Top of Data provided

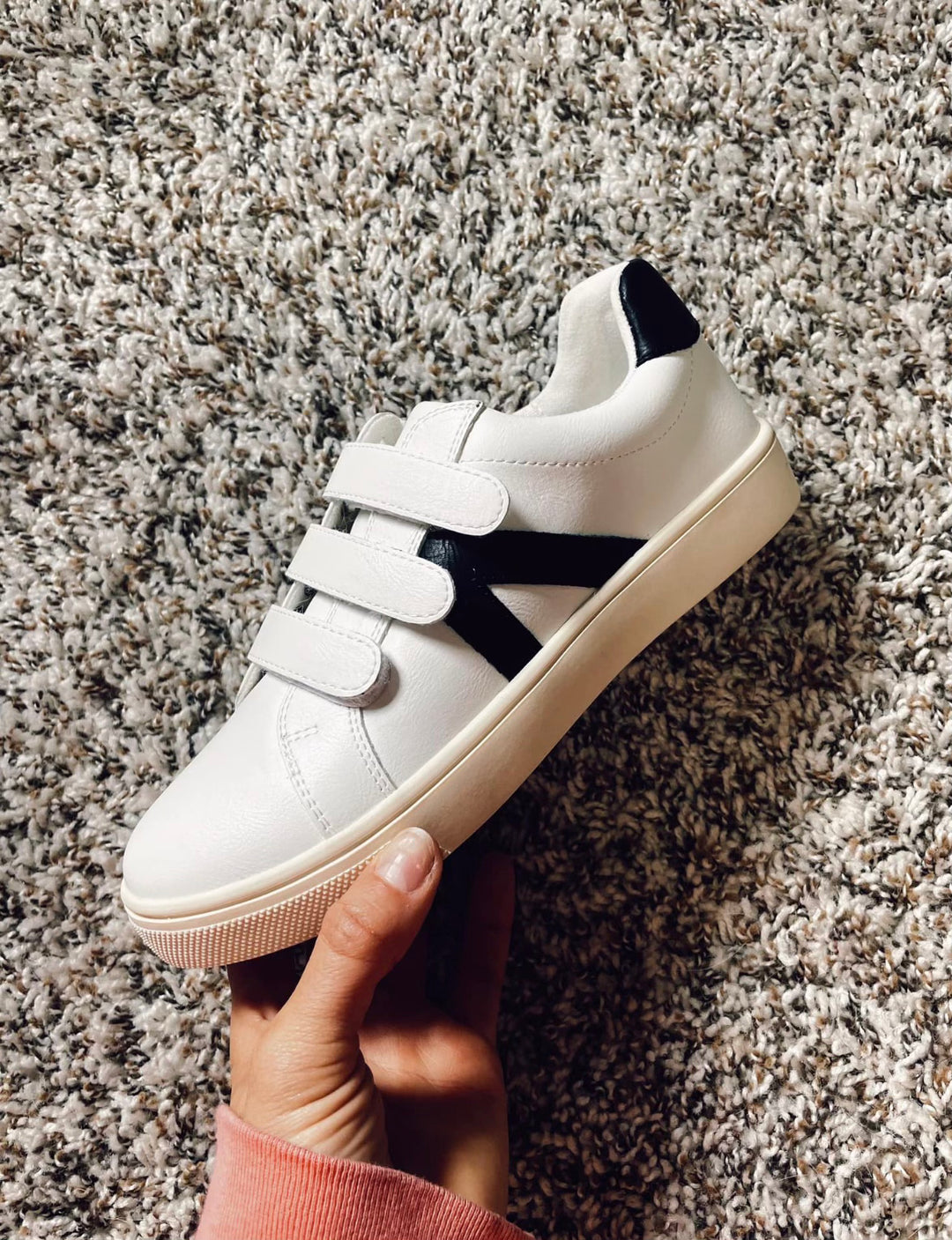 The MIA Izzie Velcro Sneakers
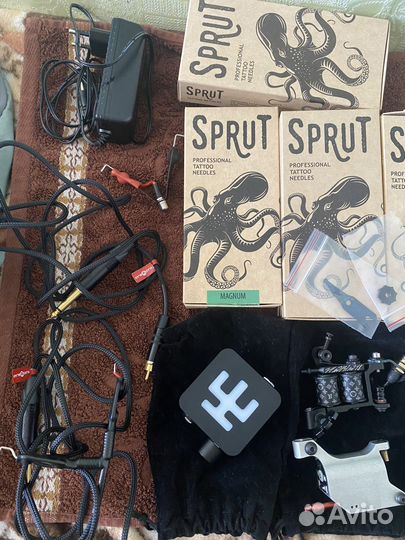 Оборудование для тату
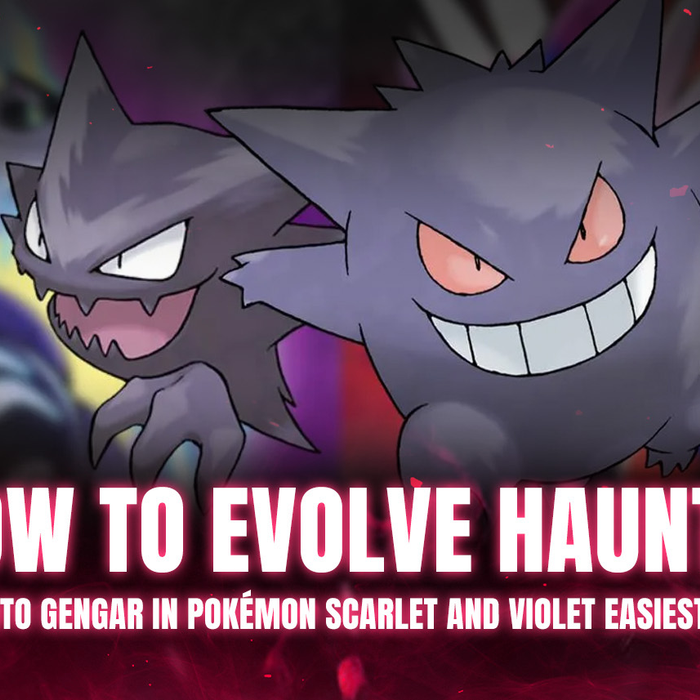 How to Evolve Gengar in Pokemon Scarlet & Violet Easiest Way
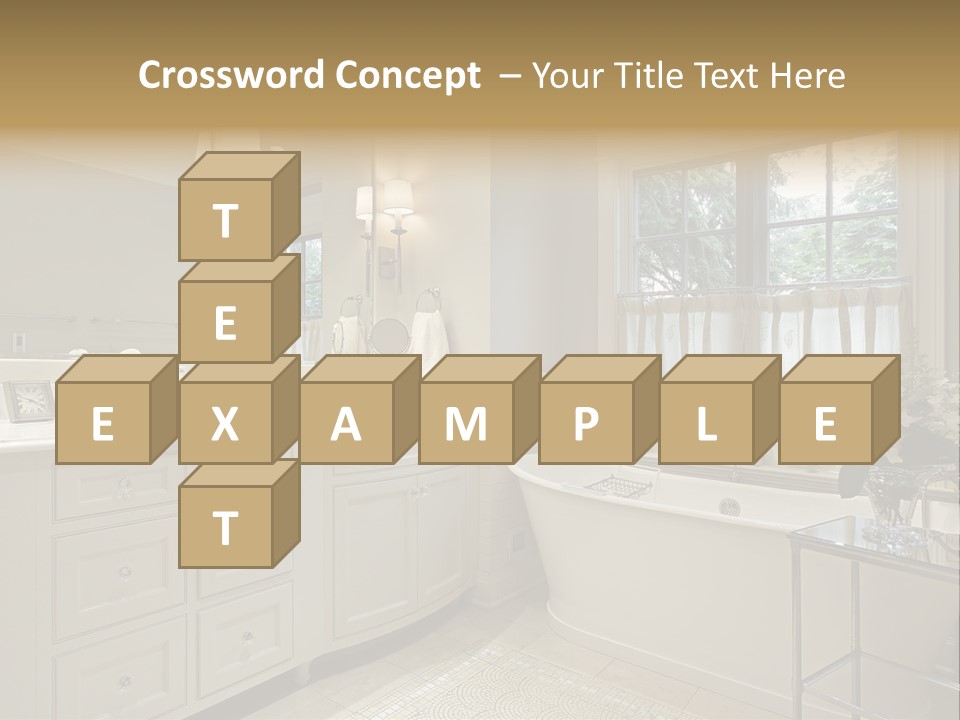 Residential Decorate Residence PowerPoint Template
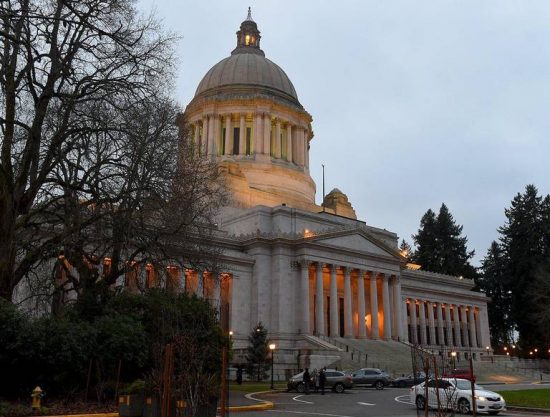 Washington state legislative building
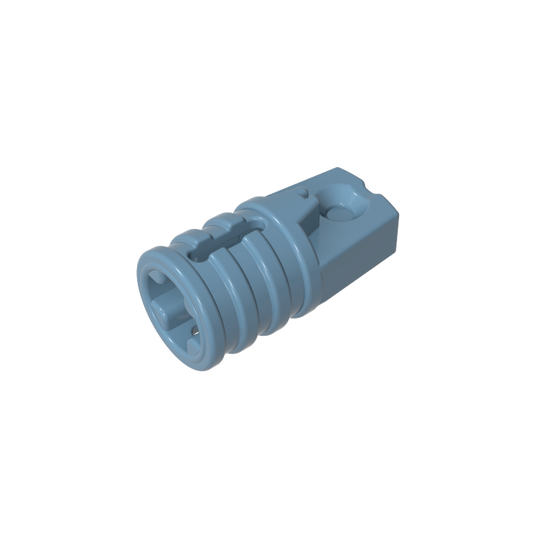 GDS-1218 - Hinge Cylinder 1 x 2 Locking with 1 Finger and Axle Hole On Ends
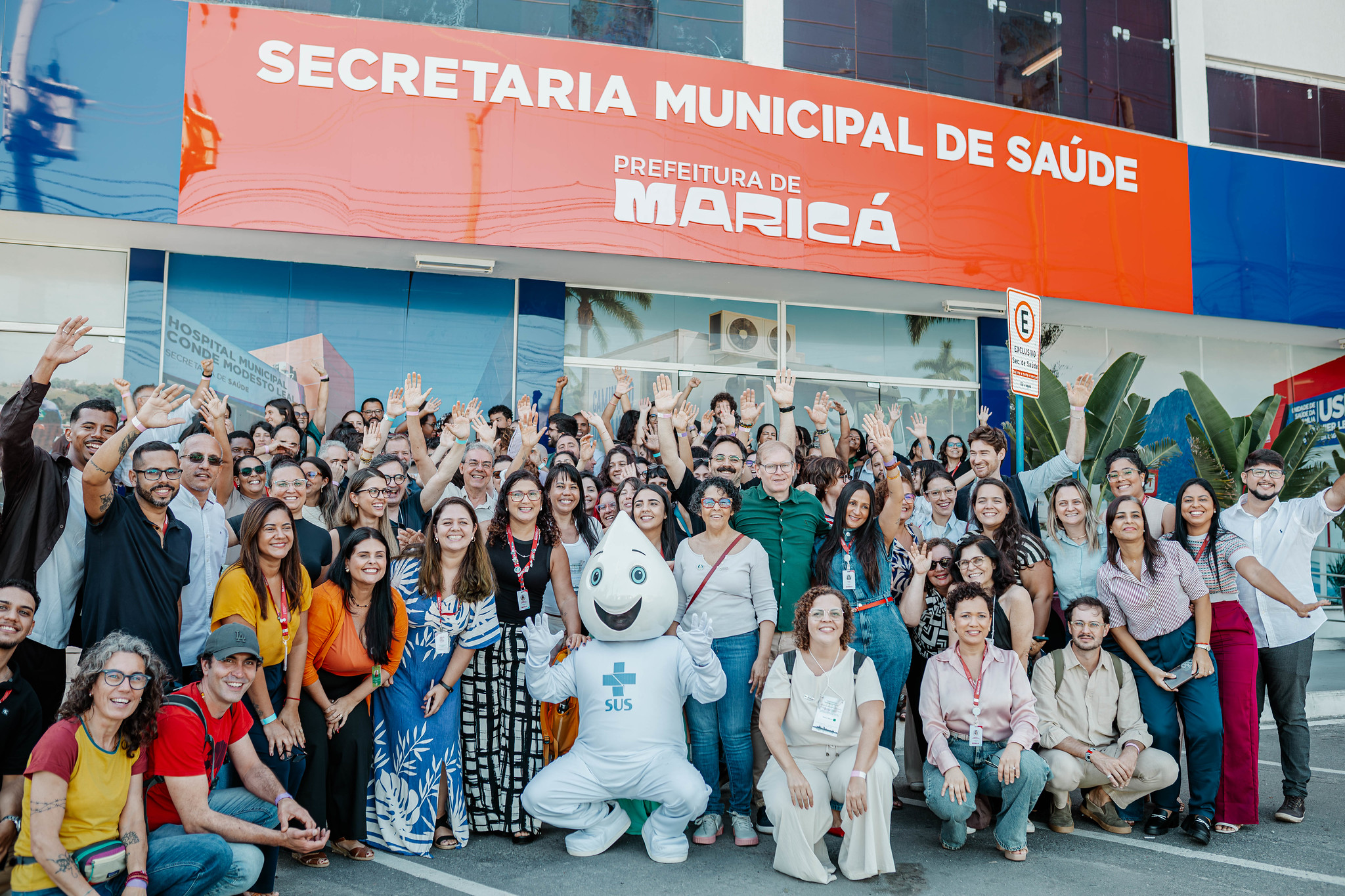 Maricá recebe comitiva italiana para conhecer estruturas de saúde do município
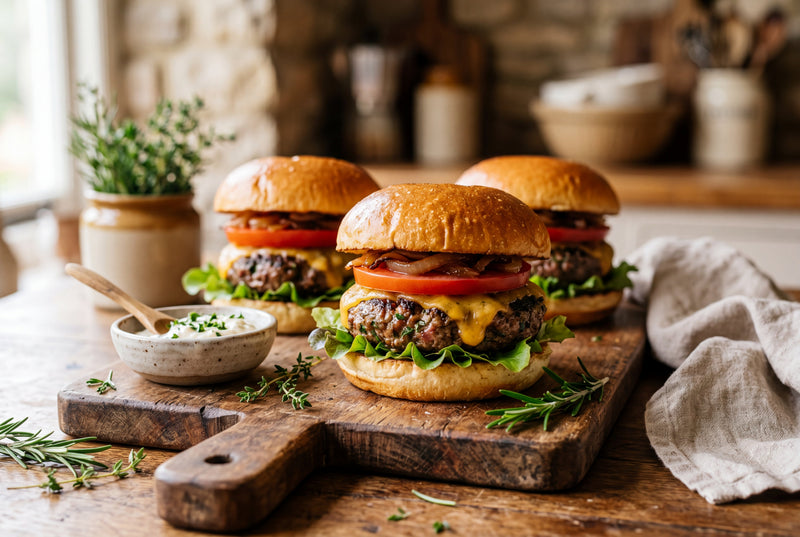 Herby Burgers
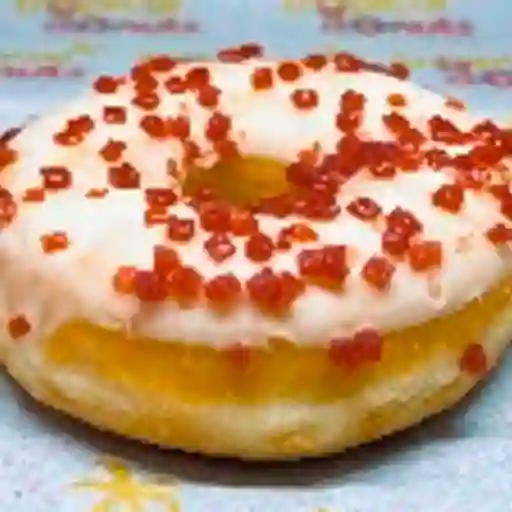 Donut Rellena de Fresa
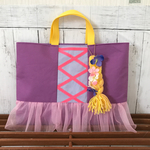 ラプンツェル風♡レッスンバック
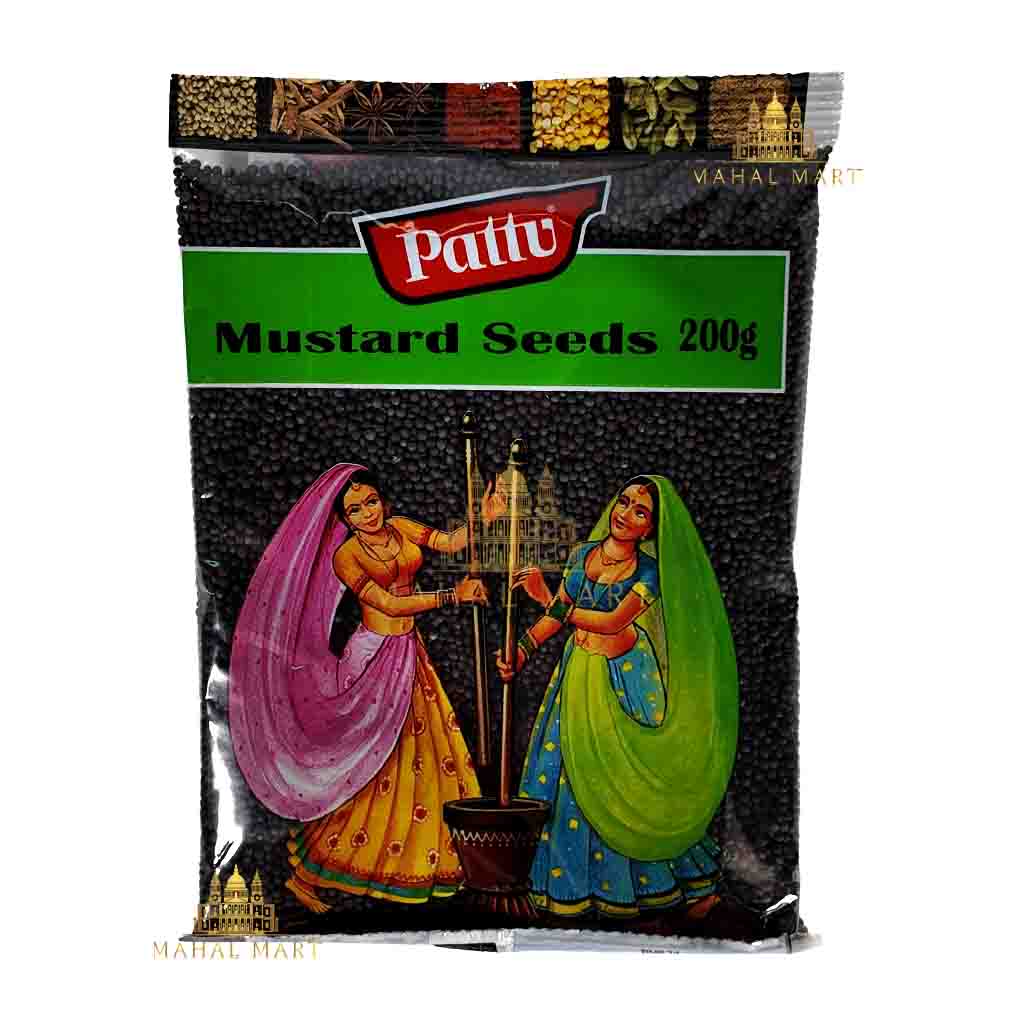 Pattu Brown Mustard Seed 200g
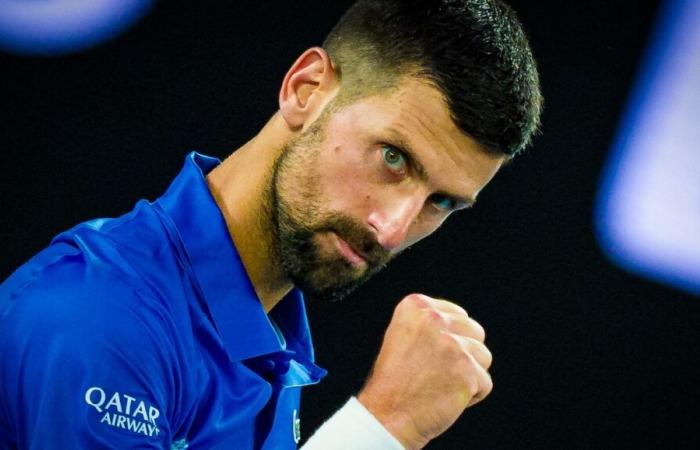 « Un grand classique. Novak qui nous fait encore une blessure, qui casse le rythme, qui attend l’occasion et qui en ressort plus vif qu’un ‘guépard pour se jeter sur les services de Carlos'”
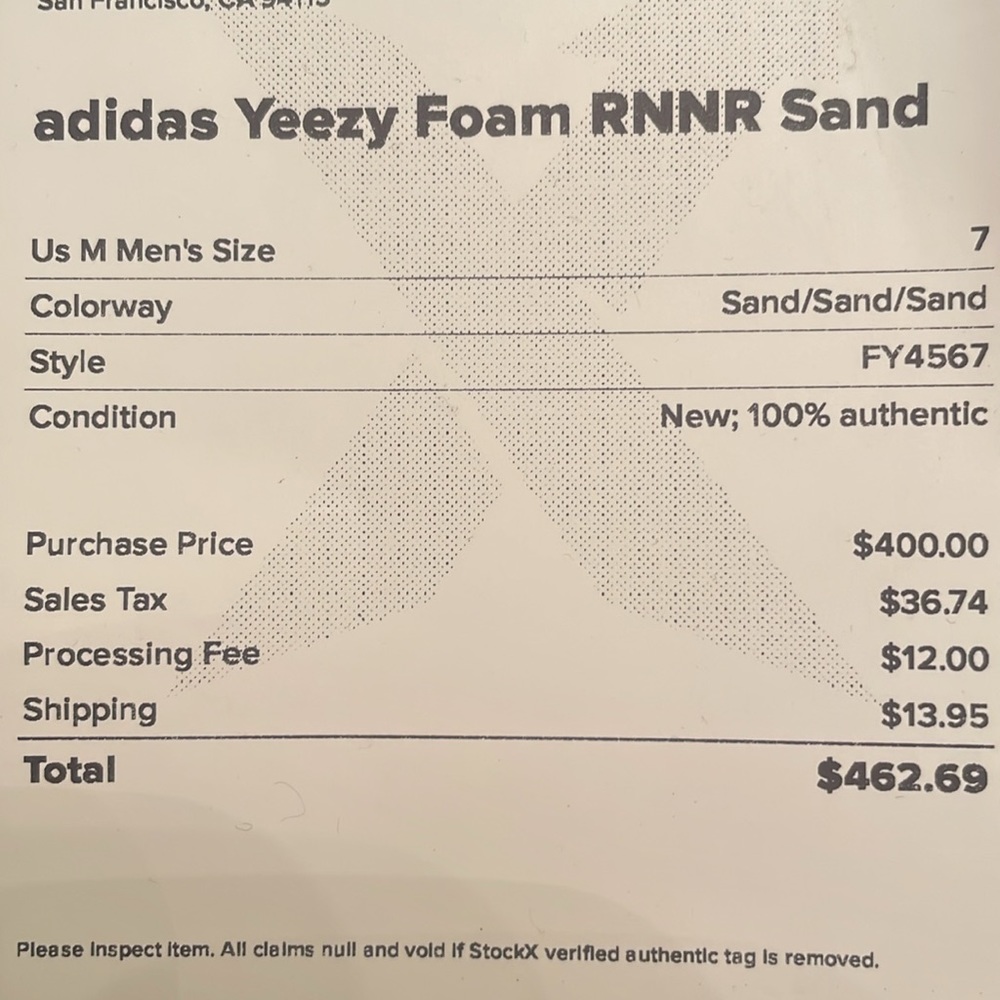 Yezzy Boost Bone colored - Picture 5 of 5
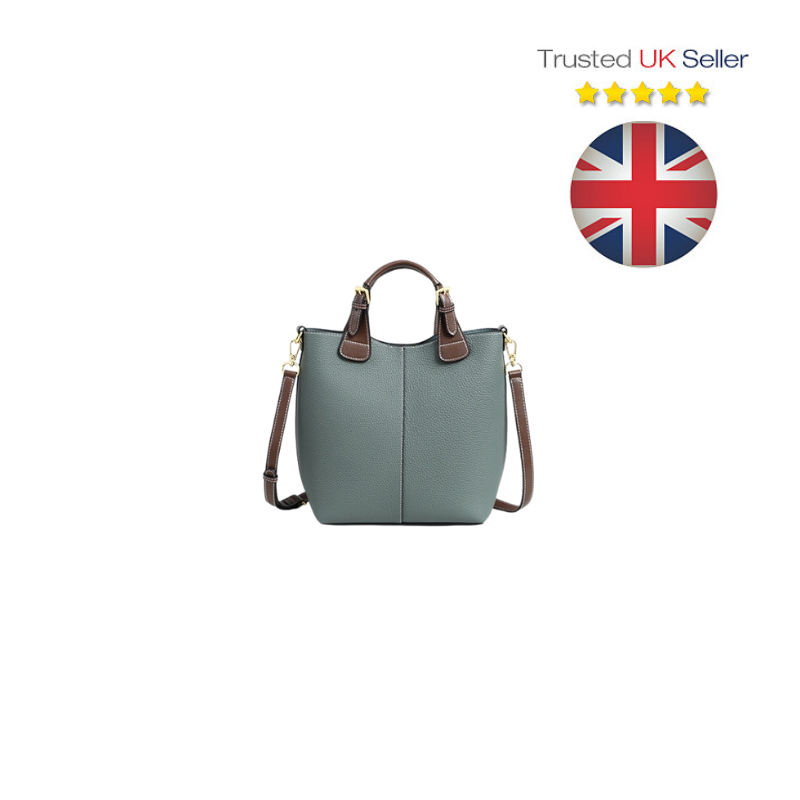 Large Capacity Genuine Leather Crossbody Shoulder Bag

Bottom of Data provided

** Work task **
What you give back should match the entries above exactly, except that pictures are dropped.

** Answer box **
 The MIA Izzie Velcro Sneakers
 Оборудование для тату
 How to Evolve Gengar in Pokemon Scarlet & Violet Easiest Way
 Residential Decorate Residence PowerPoint Template
 Washington state legislative building
 GDS-1218 - Hinge Cylinder 1 x 2 Locking with 1 Finger and Axle Hole On Ends
 Maricá recebe comitiva italiana para conhecer estruturas de saúde do município
 Herby Burgers
 Donut Rellena de Fresa
 ラプンツェル風♡レッスンバック
 Pattu Brown Mustard Seed 200g
 « Un grand classique. Novak qui nous fait encore une blessure, qui casse le rythme, qui attend l’occasion et qui en ressort plus vif qu’un ‘guépard pour se jeter sur les services de Carlos'”
 Yezzy Boost Bone colored - Picture 5 of 5
 Large Capacity Genuine Leather Crossbody Shoulder Bag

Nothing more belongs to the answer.